PROBLEM TO SOLVE
All the data that follows should be repeated exactly, without a single picture.

[[ GIVEN DATA open ]]

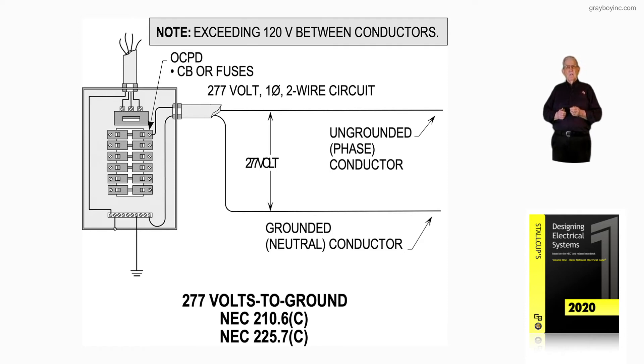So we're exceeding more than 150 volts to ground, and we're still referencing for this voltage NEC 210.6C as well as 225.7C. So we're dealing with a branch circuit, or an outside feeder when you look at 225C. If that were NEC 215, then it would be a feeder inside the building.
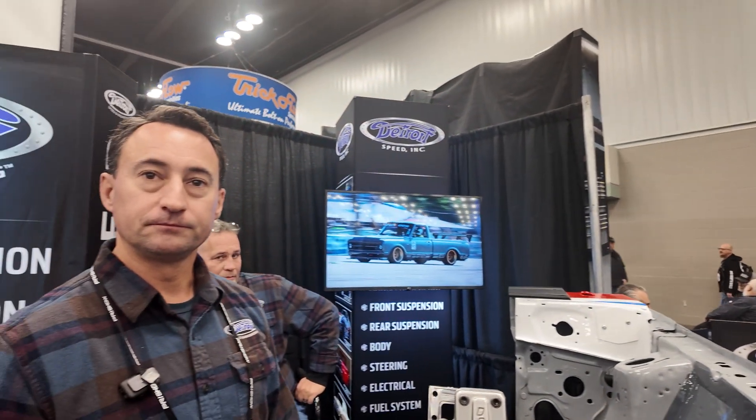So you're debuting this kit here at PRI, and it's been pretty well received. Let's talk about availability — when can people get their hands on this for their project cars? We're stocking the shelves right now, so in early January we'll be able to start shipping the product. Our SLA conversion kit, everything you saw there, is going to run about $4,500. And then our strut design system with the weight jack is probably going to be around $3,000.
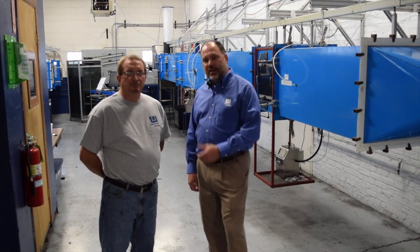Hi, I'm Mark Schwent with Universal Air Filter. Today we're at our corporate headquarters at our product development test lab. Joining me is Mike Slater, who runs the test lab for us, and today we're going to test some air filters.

[[ GIVEN DATA closed ]]

OUTPUT FOR THIS EXERCISE
So we're exceeding more than 150 volts to ground, and we're still referencing for this voltage NEC 210.6C as well as 225.7C. So we're dealing with a branch circuit, or an outside feeder when you look at 225C. If that were NEC 215, then it would be a feeder inside the building.
So you're debuting this kit here at PRI, and it's been pretty well received. Let's talk about availability — when can people get their hands on this for their project cars? We're stocking the shelves right now, so in early January we'll be able to start shipping the product. Our SLA conversion kit, everything you saw there, is going to run about $4,500. And then our strut design system with the weight jack is probably going to be around $3,000.
Hi, I'm Mark Schwent with Universal Air Filter. Today we're at our corporate headquarters at our product development test lab. Joining me is Mike Slater, who runs the test lab for us, and today we're going to test some air filters.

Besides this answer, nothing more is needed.